Delete the unneeded faces, and group the result.

Rotate copy as needed, then explode the groups so they intersect. Cleanup the unneeded surfaces from below (orbit so your looking up from below.)

**Anssi**#5

Yet another method. The ones you propose have a straight length profile, Pzbloser seems to want it to be curved too.

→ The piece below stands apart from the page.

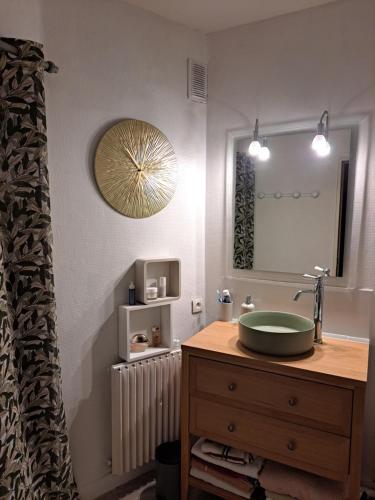 un baño con lavabo y espejo en Les grands prés, en Aytré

I also made a quarter and then rotated copies.

Anssi

**jimhami42**#6

The tunneled arch can be parameterized in terms of u and v (Ruby syntax):

`x = 10.0 * Math.cos(u)`

`y = v`

`z = 10.0 * Math.sin(u) + 30.0 * Math.cos(Math.asin(v / 30.0)) - 25.965475`

where `0 <= u <= PI`

and `-15 <= v <= 15`

. This will produce an arch formed by 10-inch radius half-circles and follows a 30 inch radius arc (total tunnel length = 30 inches). I used a U-V surface generator to create the following:

Note: Using 0 <= v <= 15 will produce half the tunnel. making trimming and cleanup easier.

The model is here: groin_vault.skp (671.0 KB)

The plugin is uv_polygen.rb and can be downloaded from https://sites.google.com/site/spirixcode/code/

[edit (added)] Completed Groin Vault:

**pzbloser**#8

Thanks for this solution. I have a feeling it’s the very best one, but unfortunately it’s Greek to me. I don’t know anything about Ruby syntax, or even if it works on SketchUp Make. But I’m going to look into it, and put my feeble math skills to work!

**catamountain**#9

Yet another way using the native tools. I started with a sphere because it was easy, but not necessary. Take advantage of components - edit one and all copes will change. In this example, the geometry inside a component was scaled and moved before intersecting to trim off unncessary geometry.

A copy of the component can be placed off to the side of the main model and edited. That would mainly be useful when it’s time to remove unnecessary geometry after an intersection.

**Anssi**#10

Catamountain,

Your vault would need a column in the middle to hold it up - the central intersection point curves downwards. It is a n intersection of four pendentive domes.

Geometry is interesting. I built a first version of my version of the vault with the assumption that the diagonal ribs, too, ought to have a semicircular profile, without realizing at first that the result was a pendentive dome, not a groin vault.

Anssi

**catamountain**#11

The central intersection doesn’t have to point downward. The model inside the component can be moved before finalizing the end model. It was getting late, and I wanted to finish the tutorial before retiring. I mainly wanted to emphasize the sketchy power of this program using the native tools - no math needed cluttering up the creative design process. Structural reality can come later - and the model adjusted in SU with the native tools too.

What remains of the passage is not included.